CASE DESCRIPTIONS
We report the cases of two pediatric patients with a diagnosis of TTP,
treated with the combination of PEX, Caplacizumab and immunosoppressive
therapy.
Case 1
A16-years-old overweight girl was admitted to our emergency department
due to fever and vomiting. Laboratory data showed mild renal impairment
(serum creatinine 1.16 mg/dL), hemolytic anemia (lactate dehydrogenase
2238 U/L, hemoglobin 5.4 g/dL, indirect bilirubin 1.54 mg/dL,
reticulocyte count 17%, negative Coombs Test), low platelet count
(7x109/L) and schistocytes (>1%) in the
peripheral blood smear. Autoimmune cytopenia and hematological
malignancies were ruled out. Hemolytic uremic syndrome (HUS) was
excluded due to the not suggestive history with negative stool cultures
and normal C3 complement fraction. During hospitalization she presented
a transient episode of dysarthria and confusion with negative cerebral
computed tomography scan. Clinical and laboratory data suggested the
diagnosis of acquired TTP, supported by the evaluation of the Plasmic
Score, which was 7 (high risk) [12]. The diagnosis was confirmed by
the reduction of the ADAMTS13 activity (0%) and by the presence of
anti-ADAMTS13 antibodies (66,9U/mL). We performed immunological tests
which showed an increase of the atypical B memory cells, according to
the autoimmune process. Daily PEX was immediately started associated
with intravenous high dose intravenous corticosteroids, immunoglobulins
and low molecular weight heparin. Caplacizumab (10 mg/day) was added
four days later. Three days after starting Caplacizumab, a progressive
increasing in platelet count was observed. Unfortunately, during the
following weeks, anti-ADAMTS13 antibodies remained persistently high, as
well as ADAMTS13 activity persistently low, thus a 4-dose course of
Rituximab (375mg/m2/week) was started. At the end of
the course, ADAMTS13 activity increased up to 64% and anti-ADAMTS13
antibodies levels concurrently decreased to 5.3 U/mL (Fig.1). To
the date, 42 weeks after withdrawal of the therapy, patient is in good
clinical conditions and her platelet count is within the normal range.
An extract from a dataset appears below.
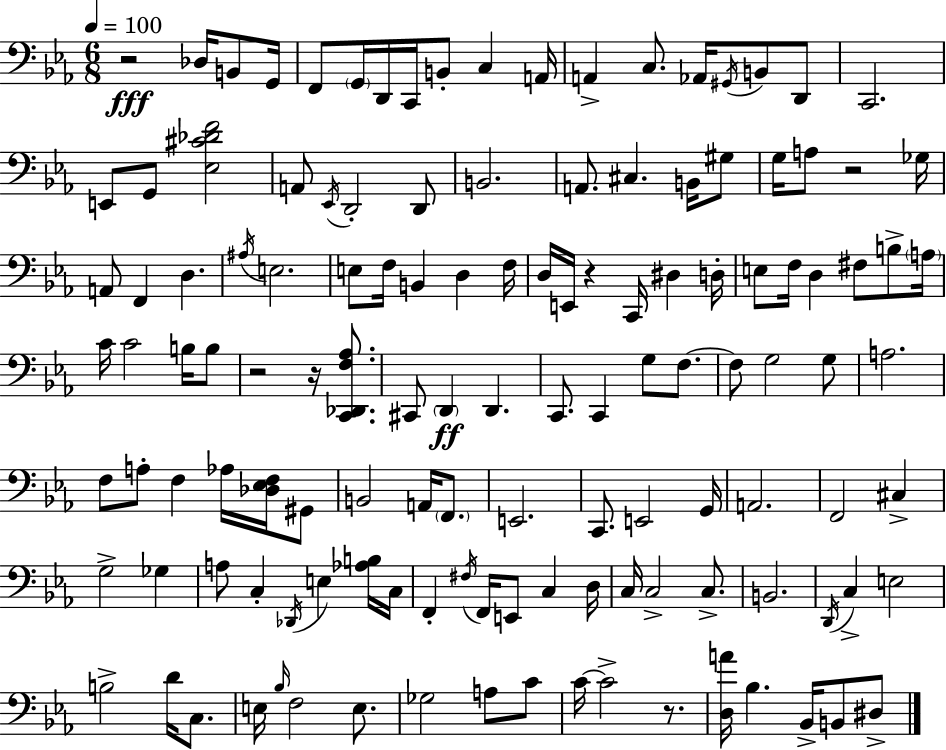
R/h Db3/s B2/e G2/s F2/e G2/s D2/s C2/s B2/e C3/q A2/s A2/q C3/e. Ab2/s G#2/s B2/e D2/e C2/h. E2/e G2/e [Eb3,C#4,Db4,F4]/h A2/e Eb2/s D2/h D2/e B2/h. A2/e. C#3/q. B2/s G#3/e G3/s A3/e R/h Gb3/s A2/e F2/q D3/q. A#3/s E3/h. E3/e F3/s B2/q D3/q F3/s D3/s E2/s R/q C2/s D#3/q D3/s E3/e F3/s D3/q F#3/e B3/e A3/s C4/s C4/h B3/s B3/e R/h R/s [C2,Db2,F3,Ab3]/e. C#2/e D2/q D2/q. C2/e. C2/q G3/e F3/e. F3/e G3/h G3/e A3/h. F3/e A3/e F3/q Ab3/s [Db3,Eb3,F3]/s G#2/e B2/h A2/s F2/e. E2/h. C2/e. E2/h G2/s A2/h. F2/h C#3/q G3/h Gb3/q A3/e C3/q Db2/s E3/q [Ab3,B3]/s C3/s F2/q F#3/s F2/s E2/e C3/q D3/s C3/s C3/h C3/e. B2/h. D2/s C3/q E3/h B3/h D4/s C3/e. E3/s Bb3/s F3/h E3/e. Gb3/h A3/e C4/e C4/s C4/h R/e. [D3,A4]/s Bb3/q. Bb2/s B2/e D#3/e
Case 2A 15-years-old obese girl was admitted to our hospital for
vomiting and petechial eruptions of the extremities. Blood exams showed
hemolytic anemia (Hb 7.3g/dL, indirect bilirubin 7.10 mg/dL, lactate
dehydrogenase 1953 U/L, reticulocyte count 24.3%, negative Coombs
test), schistocytes in the peripheral blood smear, a severe
thrombocytopenia (7x109/L) and a mild renal impairment
(creatinine 1.07 mg/dL). Hematological disorders, autoimmune cytopenia
and HUS were excluded. The immunological tests showed an expansion of
the CD19 cells. We considered the diagnosis of TTP, thus we performed
the Plasmic score which was 6 (high risk). The ADAMTS13 activity was 0%
and the level of the anti-ADAMTS13 antibodies was 130 U/mL. Patient was
treated with intravenous high dose immunoglobulin infusions, daily PEX,
oral prednisolone (1mg/kg/day) and low molecular weight heparin. In
contrast to the first case, Caplacizumab (10mg/day) was immediately
administered. A significant increase in platelet count was observed
after 2 administration and, in five days, her platelet count was normal.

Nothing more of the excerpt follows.